• EXERCISE DESCRIPTION:
When you copy the data, keep every word exactly as it is and leave the pictures out.

• PROVIDED MATERIAL:
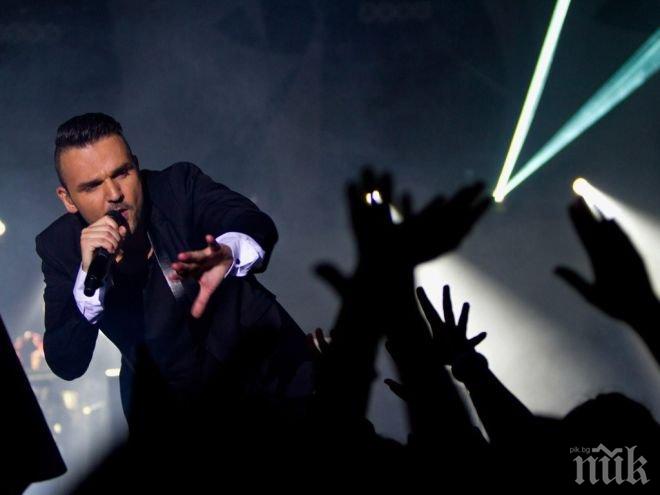 Владимир Ампов-Графа пее хитовете си в нов концерт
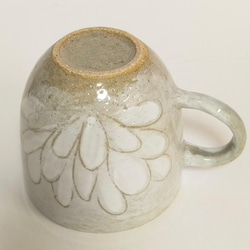 信楽焼のマグカップ(長丸白大花) 4枚目の画像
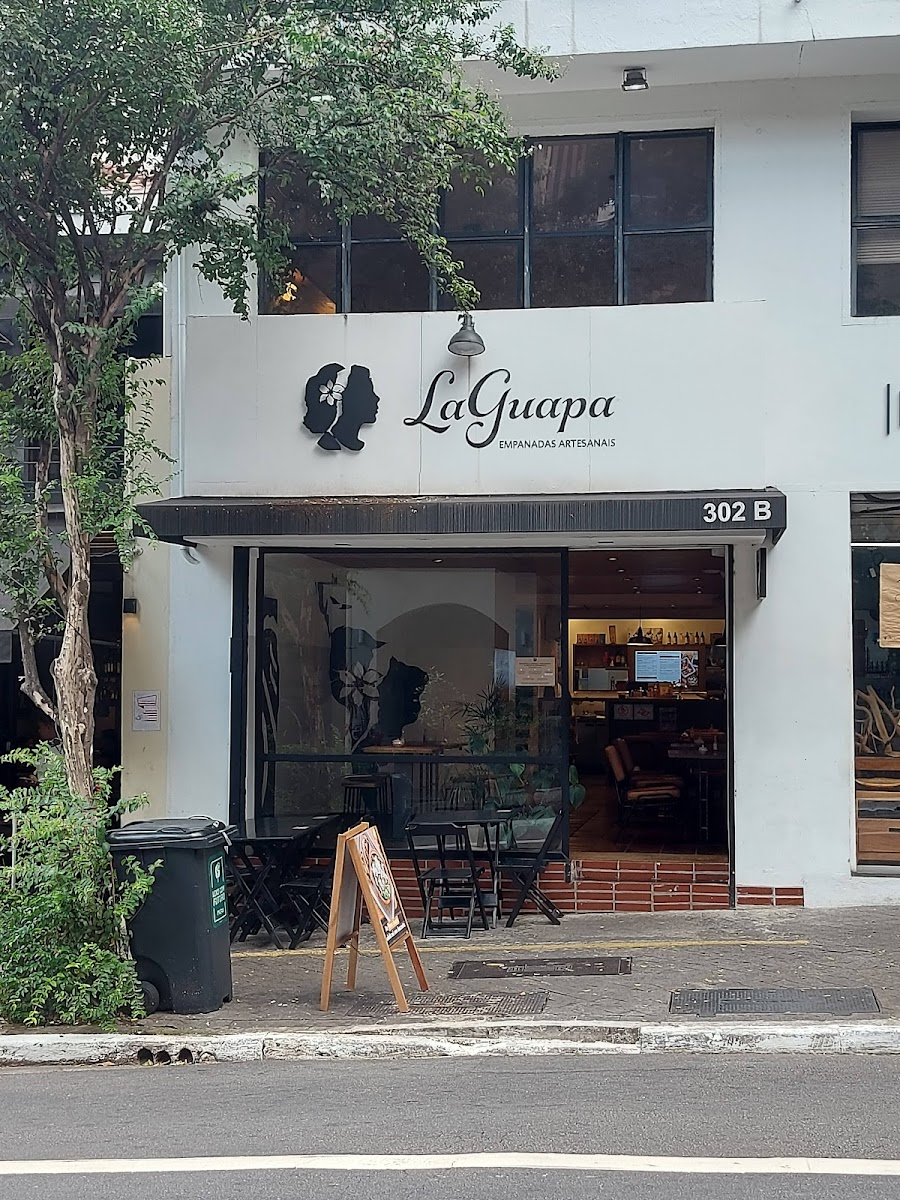 La Guapa Empanadas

• SOLUTION:
 Владимир Ампов-Графа пее хитовете си в нов концерт
 信楽焼のマグカップ(長丸白大花) 4枚目の画像
 La Guapa Empanadas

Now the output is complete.